5.6. Beklaagde heeft verder voldoende aannemelijk gemaakt dat de kat tijdens de opname de zorg heeft gekregen die aan de gangbare veterinaire maatstaven voldeed. Voor zover de kat de kraag in de nacht van 29 juni 2014 heeft losgetrokken, is dit de volgende ochtend hersteld en is de kat opnieuw -zonder narcose- gekatheteriseerd en een grotere kraag omgedaan. Het college ziet geen aanleiding om hieraan tuchtrechtelijke consequenties te moeten verbinden, temeer niet nu niet is gebleken dat deze gang van zaken tot verder nadeel heeft geleid. Het feit dat klaagster de kat op 30 juni 2014 kennelijk met een vuile kraag met daarin voedselresten heeft aangetroffen in een hondenhok, rechtvaardigt nog niet de conclusie dat de verleende zorg tijdens de opname ondermaats is geweest. Beklaagde heeft uitgelegd dat hij bewust heeft gekozen voor onderbrenging in een hondenhok, juist om de kat meer bewegingsruimte te geven en dat het hok meerdere malen per dag werd schoongemaakt alsook dat de kraag werd verschoond, hetgeen echter niet altijd kan voorkomen dat die op enig moment toch weer vies raakt. Aldus is voor het college niet komen vast te staan dat er met betrekking tot de opname van de kat nalatig door beklaagde is gehandeld.

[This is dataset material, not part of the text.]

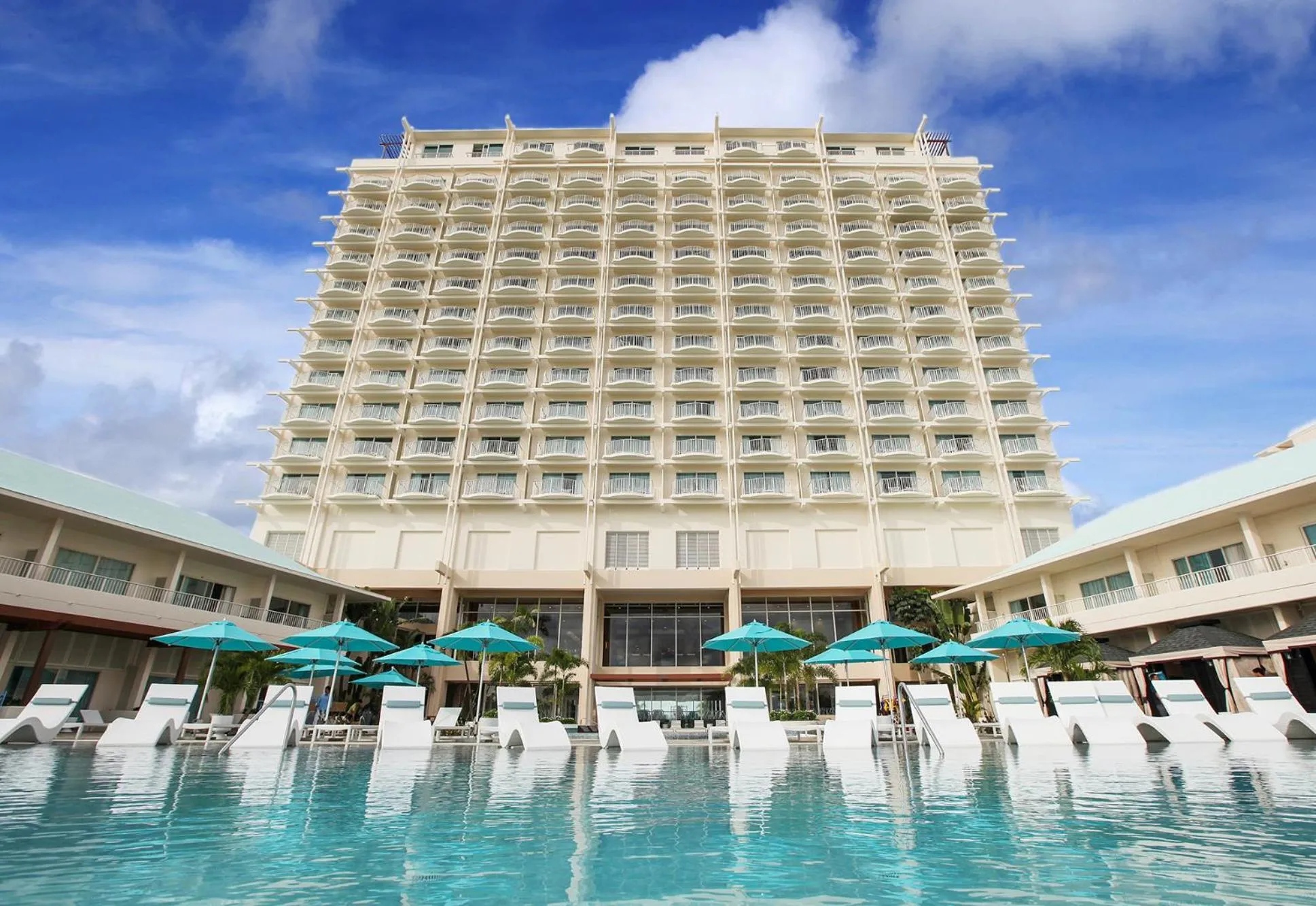 Property building in Lotte Hotel Guam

5.7.  Op grond van het voorgaande wordt de klacht ongegrond verklaard.

  6. DE BESLISSING   

Het college:

verklaart de klacht ongegrond.

Aldus vastgesteld te ’s-Gravenhage door mr. G.J. van Muijen, voorzitter, en door de leden drs. M. Lockhorst, drs. B.J.A. Langhorst-Mak, drs. J.A.M. van Gils en drs. M.P.J. Hovius , in tegenwoordigheid van mr. J.B.M. Keijzers, secretaris.

Uitgesproken in het openbaar op 27 augustus 2015 door mr. G.J. van Muijen, in tegenwoordigheid van mr. J.B.M. Keijzers, secretaris.